Exercise objective
Set down all of the data that follows word for word, without the images.

Data section
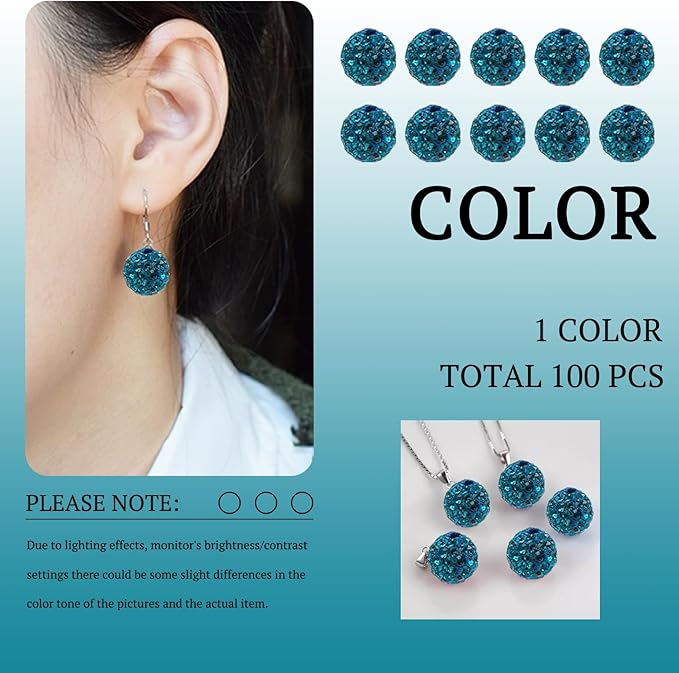 10mm Grade A Teal Rhinestone Beads for Baseball Necklace-Peacock Blue Round Disco Ball Bead Rhinestone Clay Beads for Earring Jewelry Making,Necklace Bracelet,DIY Craft Supplies(200 pcs)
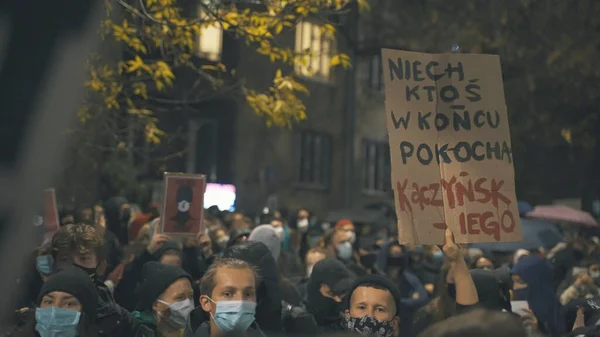 Warszawa 23.10.2020 - Protest przeciwko ustawom aborcyjnym Polaków. — Zdjęcie stockowe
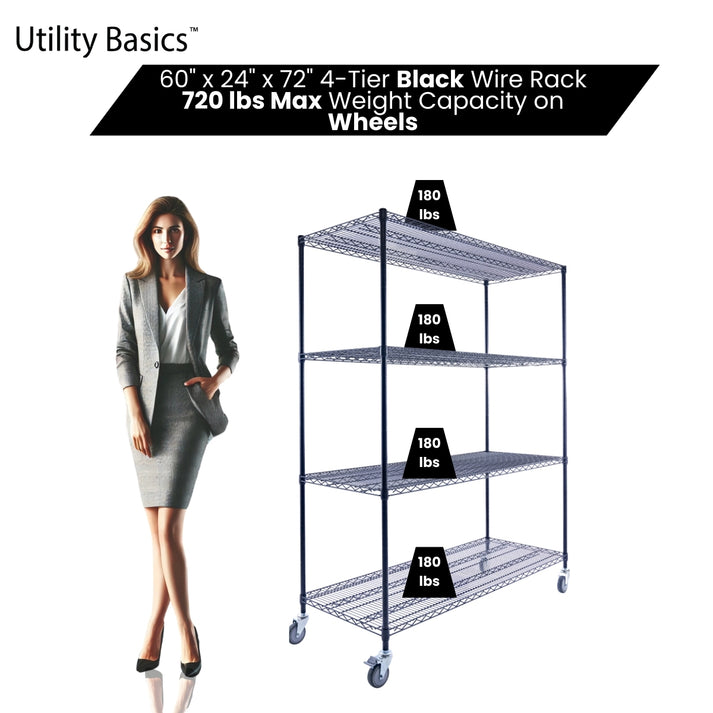 NSF Shelving 60"W × 24"D × 72"H | Black | 4-Tier | Adjustable Shelves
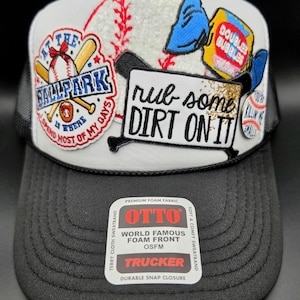 Rub Some Dirt On It, At the Ballpark ladies baseball mama trucker hat, sports mom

Task solution
 10mm Grade A Teal Rhinestone Beads for Baseball Necklace-Peacock Blue Round Disco Ball Bead Rhinestone Clay Beads for Earring Jewelry Making,Necklace Bracelet,DIY Craft Supplies(200 pcs)
 Warszawa 23.10.2020 - Protest przeciwko ustawom aborcyjnym Polaków. — Zdjęcie stockowe
 NSF Shelving 60"W × 24"D × 72"H | Black | 4-Tier | Adjustable Shelves
 Rub Some Dirt On It, At the Ballpark ladies baseball mama trucker hat, sports mom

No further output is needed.